Scientists have discovered a new species of fish that glides gently through the water on white, translucent wings 5 miles beneath the ocean surface. The newly discovered species is now the world’s deepest known fish recorded at 8,143 m depth. The fish has a novel body form that has not been seen before. It stunned scientists because in other trenches, there is only one fish species at this depth--a snailfish; this fish is really different from any other deep-sea fish that scientists have ever seen.
"We were just blown away when we saw it," said Paul Yancey, a biology professor at Whitman College, Washington who studies how animals adapt to life in the deep sea. "Someone on the ship said it looks like a cross between a puppy, an angel and an eel." The fish was first spotted in November during an international research cruise to the Mariana Trench -- the deepest place on Earth.
The new fish, which has not yet been named, was discovered by accident.
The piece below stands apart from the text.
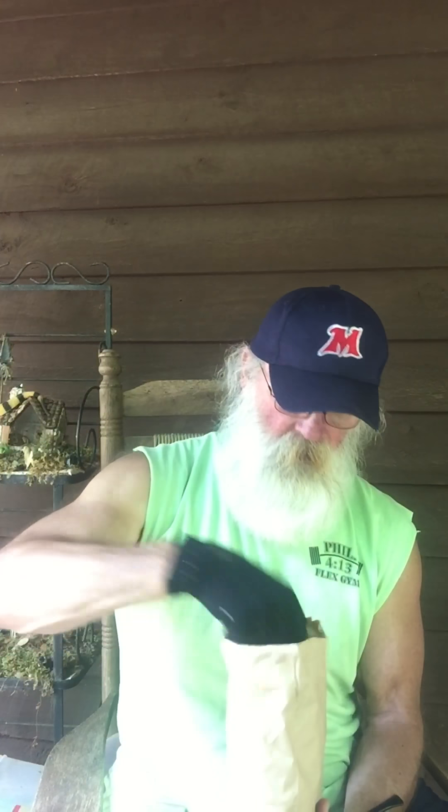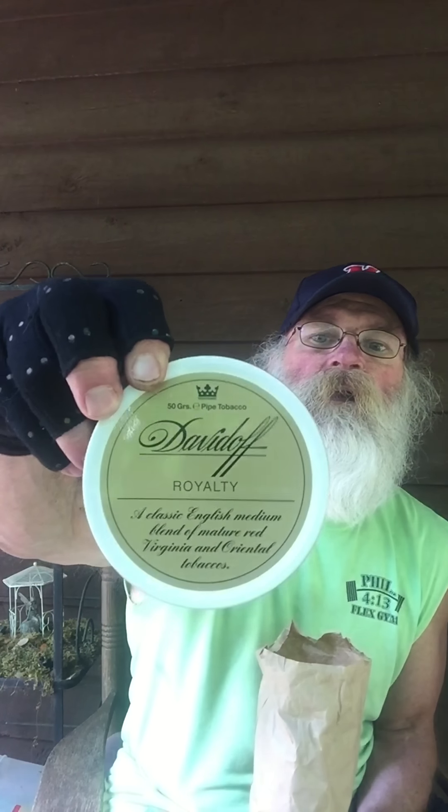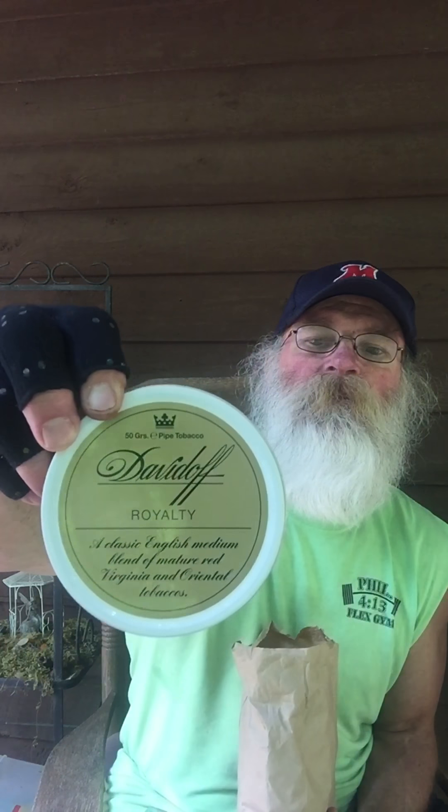Not that there aren't a lot of good blends out there for me to find and try, some of which I also have in my little bag here. I've not smoked Durbar, but I hear really good things about it. And I've not tried Davidoff Royalty, and I've heard good things about it. So those are two adventures still in front of me.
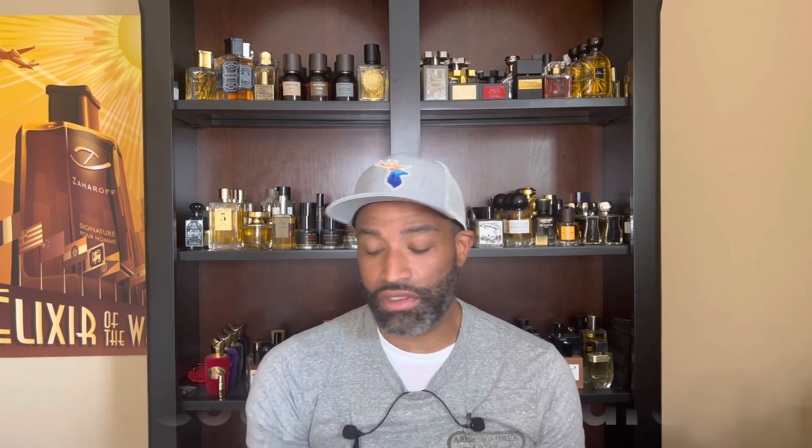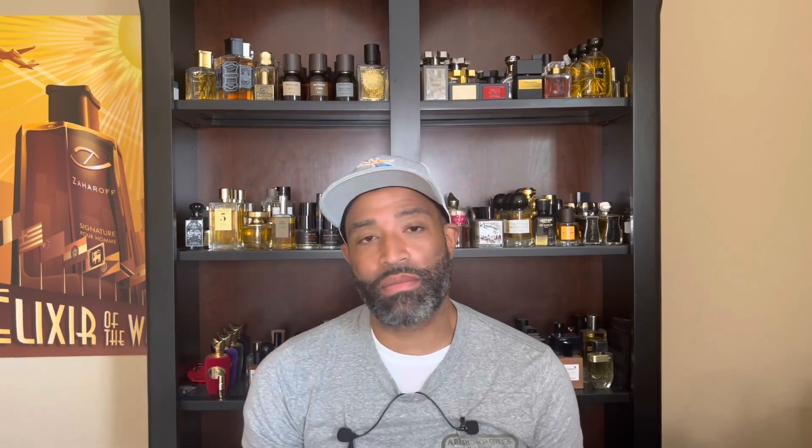The next one is from the house of Bortnikoff and this one is Coupe de Foudre. This would be one of my all-time favorite fragrances if it just lasted longer on my skin. I don't have the notes for this one, but it's basically a creamy champaca with some citrus — very transparent. The champaca used in this is very, very nice and very creamy. If it lasted more than three hours on my skin it would probably be one of my top fragrances. I just love the champaca so much, and this one does it really well.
In the video above you can see it swimming around a series of tubes that were part of an instrument collecting mud samples from the sea floor. The camera was supposed to be filming the core collecting, when suddenly this ghostly fish swam into view. It is about 10 inches in length, and almost entirely transparent. The dense white part you can see is actually its skull, visible through its skin, Yancey said. It's lengthy, mostly see-through tail is probably made of gelatin.
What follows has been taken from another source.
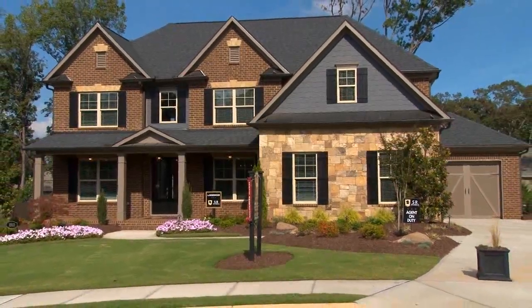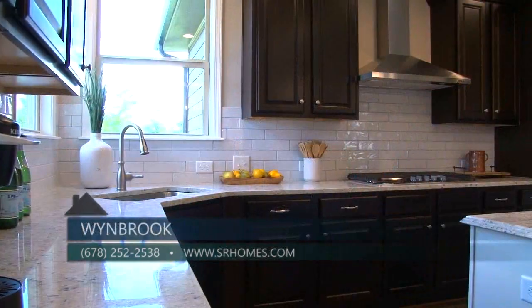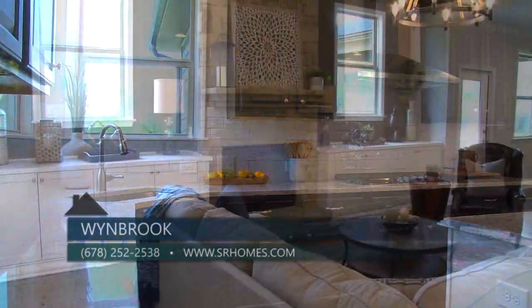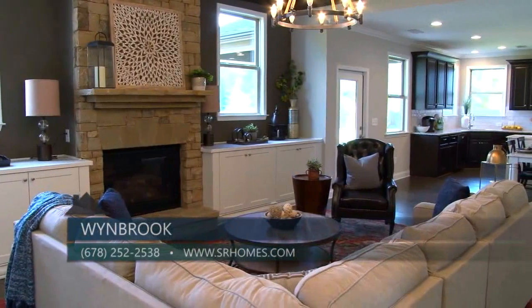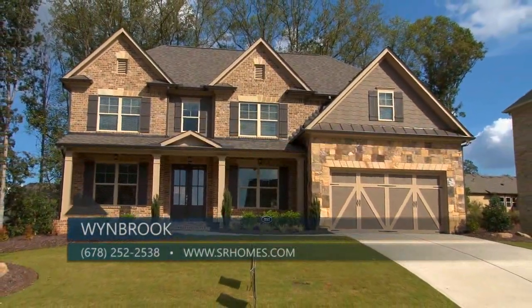The homes are beautiful and there are several that are move-in ready, so you don't want to wait to visit Winbrook. You can call 678-252-2538 and visit srhomes.com — they're open daily. Check out Winbrook by SR Homes this weekend with a fantastic location, beautiful homes, and oversized lots. It's one of a kind, don't miss it.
"It's moving very slowly so it's not clear how well it can swim," he said. "But there has to be some muscle in there somewhere." The Mariana Trench is located in the Western Pacific, just off the coast of Guam. It starts about 3 miles beneath the ocean surface and stretches to an ultimate depth of 6.8 miles. Humans couldn't survive even at the top rim of the trench. At that depth, the proteins and cells in our membranes would collapse. And at the bottom of the trench, the pressure is so immense it would be like having 100 elephants standing on your head.
One way deep sea animals survive even under the weight of all that water is with a molecule called trimethylamine N-oxide (TMAO) that protects their proteins from being crushed. "It's the molecule that makes marine animals like fish and shrimp smell 'fishy,' " said Yancey, "and in deep sea animals there is a lot more of it."